BEGIN Exercise data
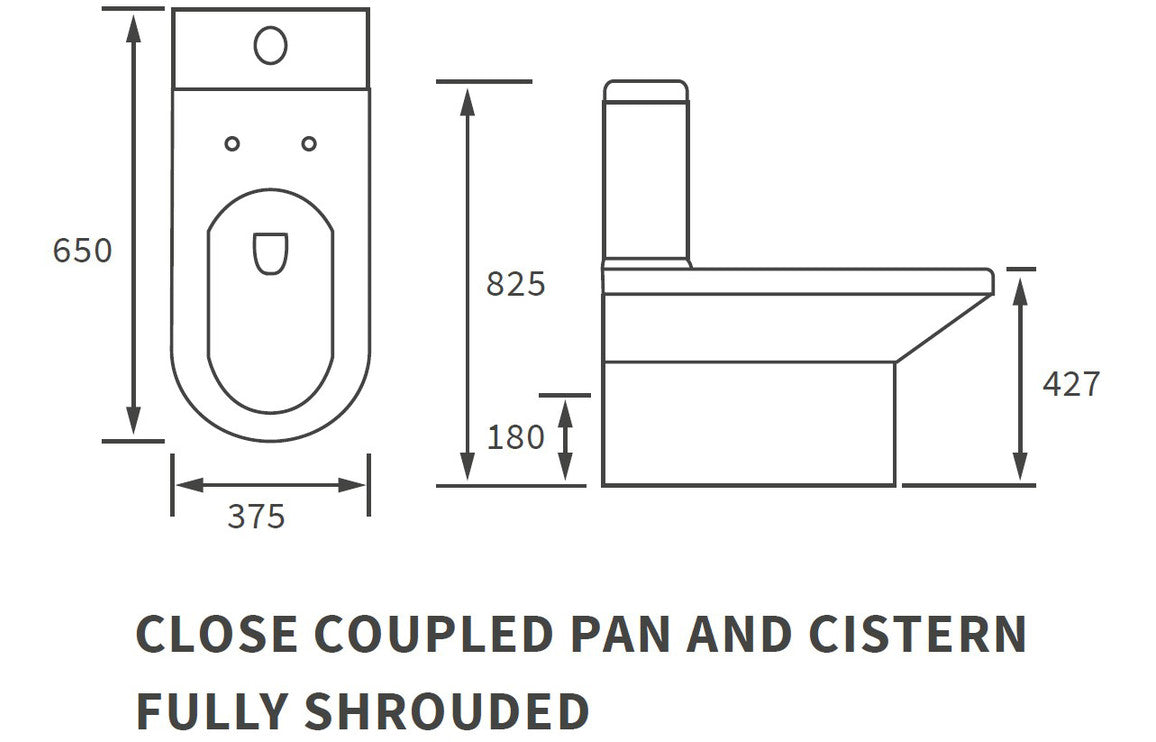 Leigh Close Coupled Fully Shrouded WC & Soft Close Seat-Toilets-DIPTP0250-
END Exercise data
BEGIN Exercise data
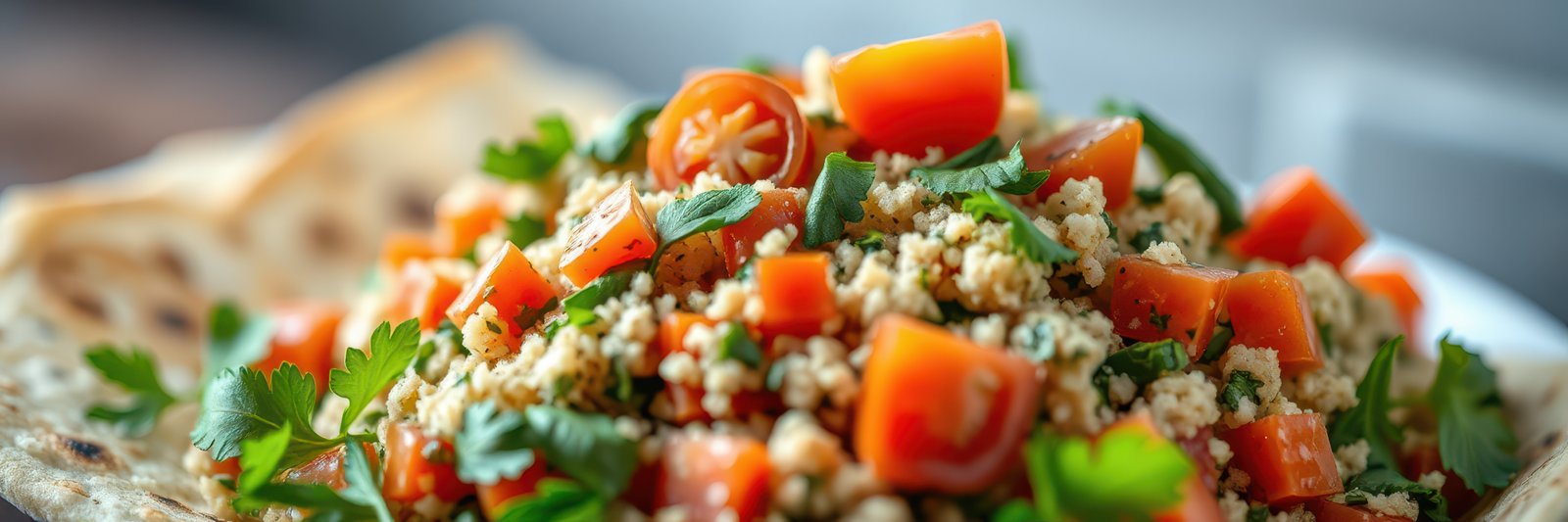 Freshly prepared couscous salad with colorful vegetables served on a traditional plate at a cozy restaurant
END Exercise data
BEGIN Exercise data
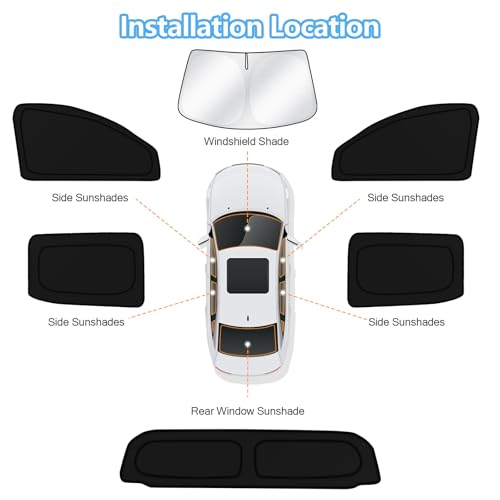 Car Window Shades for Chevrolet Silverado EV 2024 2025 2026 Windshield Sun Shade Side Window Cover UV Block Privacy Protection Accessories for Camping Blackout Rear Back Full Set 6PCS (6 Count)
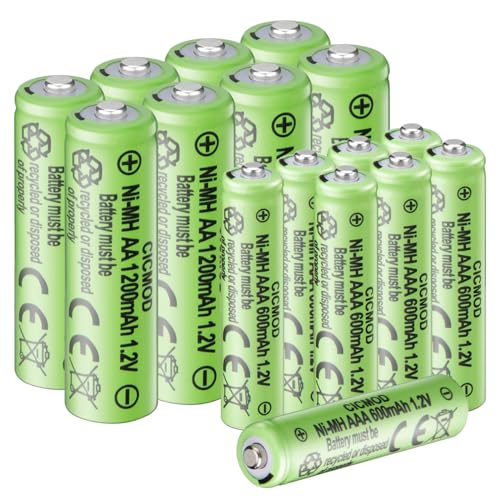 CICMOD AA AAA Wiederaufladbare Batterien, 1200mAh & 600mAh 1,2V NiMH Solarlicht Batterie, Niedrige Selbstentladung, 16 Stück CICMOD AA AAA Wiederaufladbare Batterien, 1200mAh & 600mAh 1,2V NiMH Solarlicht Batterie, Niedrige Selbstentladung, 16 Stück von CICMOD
END Exercise data
### What you are asked to do
Above are some entries. Restate word for word the lines from the one holding "Car Window Shades" through the one holding "Stück von CICMOD", but not the pictures.

### Answer area
 Car Window Shades for Chevrolet Silverado EV 2024 2025 2026 Windshield Sun Shade Side Window Cover UV Block Privacy Protection Accessories for Camping Blackout Rear Back Full Set 6PCS (6 Count)
 CICMOD AA AAA Wiederaufladbare Batterien, 1200mAh & 600mAh 1,2V NiMH Solarlicht Batterie, Niedrige Selbstentladung, 16 Stück CICMOD AA AAA Wiederaufladbare Batterien, 1200mAh & 600mAh 1,2V NiMH Solarlicht Batterie, Niedrige Selbstentladung, 16 Stück von CICMOD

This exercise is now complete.